Além de hotel, este espaço alberga um dos restaurantes mais emblemáticos de Braga, perfeito para poderá saborear a melhor cozinha tradicional portuguesa com uma vista panorâmica sobre a cidade.

Semana Santa de Braga: os melhores restaurantes

Em Portugal dificilmente encontrará um local onde se come mal. Afinal, damos muita importância à gastronomia de qualidade e orgulhamo-nos de ser excelentes anfitriões. Braga não é exceção. Veja as nossas sugestões de restaurantes para usufruir de refeições de qualidade.

Churrasqueira da Sé

A Churrasqueira da Sé situa-se em pleno centro histórico da cidade de Braga, bem perto da Sé Catedral, que lhe deu o nome. Entre as suas especialidades contam-se os grelhados na brasa, que tão bem sabem, principalmente agora que chegou a primavera.

Cozinha da Sé

Abertos ao público desde 1983, a Cozinha da Sé é uma das referências gastronómicas de Braga.

Trata-se de um espaço intimista, localizado na zona histórica da cidade e onde não faltam recantos que propiciam momentos mais intimistas e tranquilos.

A cozinha é bem portuguesa, com um toque exclusivo e inovador de autor. Depois de provar, vai querer regressar.

Restaurante Dona Júlia

A Dona Júlia não é um simples nome. É a neta de uma das mais famosas e valorizadas cozinheiras da Póvoa de Lanhoso, que guarda nas mãos, na memória e coração os mesmos segredos da avó no que à preparação de pratos tradicionais minhotos diz respeito.

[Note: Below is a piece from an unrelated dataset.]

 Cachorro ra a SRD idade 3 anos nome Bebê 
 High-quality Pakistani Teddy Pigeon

Após algumas alterações, o Dona Júlia está hoje situado num cenário idílico rodeado de natureza, no Monte da Falperra, em Braga.

Vale a pena uma visita para experimentar este conceito de restaurante onde a boa gastronomia minhota se conjuga de forma harmoniosa com um design moderno e rústico e onde pode experimentar verdadeiras delícias mais típicas. Bacalhau à Dona Júlia, Cabrito Assado no Forno, Papas de Sarrabulho, Arroz de Feijão com Filetes de Pescada ou Polvo Grelhado na Brasa com Batata a Murro e Grelos são apenas algumas das delícias que esperam por si.

O Jacó

O restaurante O Jacó está aberto ao público há 23, sendo, desde há muito tempo, um local que pauta pela discrição, elegância e qualidade, ao que se alia uma variedade de ementas, cuja base é a saborosa cozinha tradicional portuguesa.

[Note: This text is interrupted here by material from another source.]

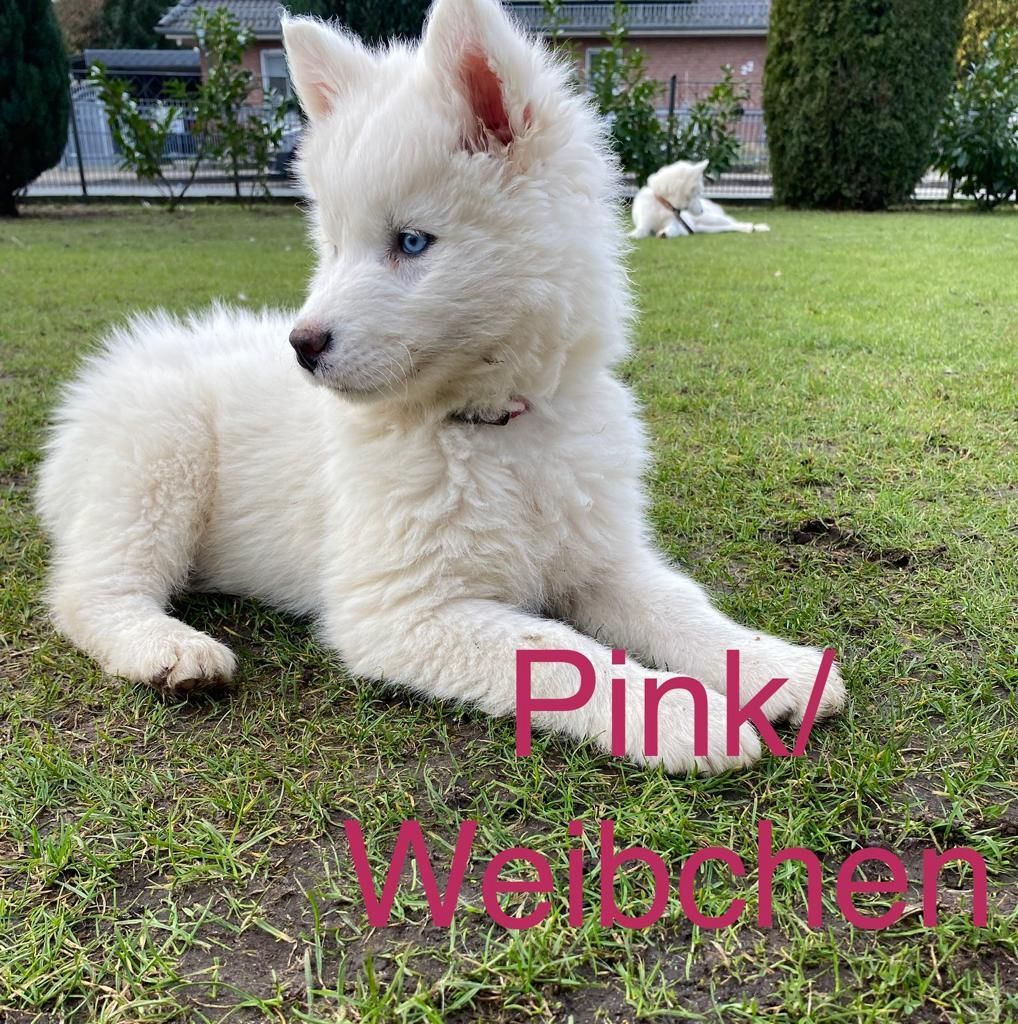 Siberian Husky Welpen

Localizado na Praceta Padre Diamantino Martins em Maximinos, o restaurante concluiu recentemente a remodelação do espaço, onde o conforto do cliente e o sem bem-estar foram pensados ao máximo.

Como vê, não faltam excelentes motivos para rumar a Norte e participar nas celebrações da Semana Santa de Braga, preparadas por uma comissão organizadora, constituída por sete entidades promotoras e das quais fazem parte o Cabido da Sé de Braga, a Santa Casa da Misericórdia de Braga, a Irmandade de Santa Cruz, a Câmara Municipal de Braga, a Entidade de Turismo do Porto e Norte de Portugal, a Associação Comercial de Braga e a Associação Industrial do Minho.

Enquanto programa cultural e religioso da Semana Santa de Braga quase não tem rival, pensado para que as tradições não se percam e o presente continue a valorizar tudo o que merece.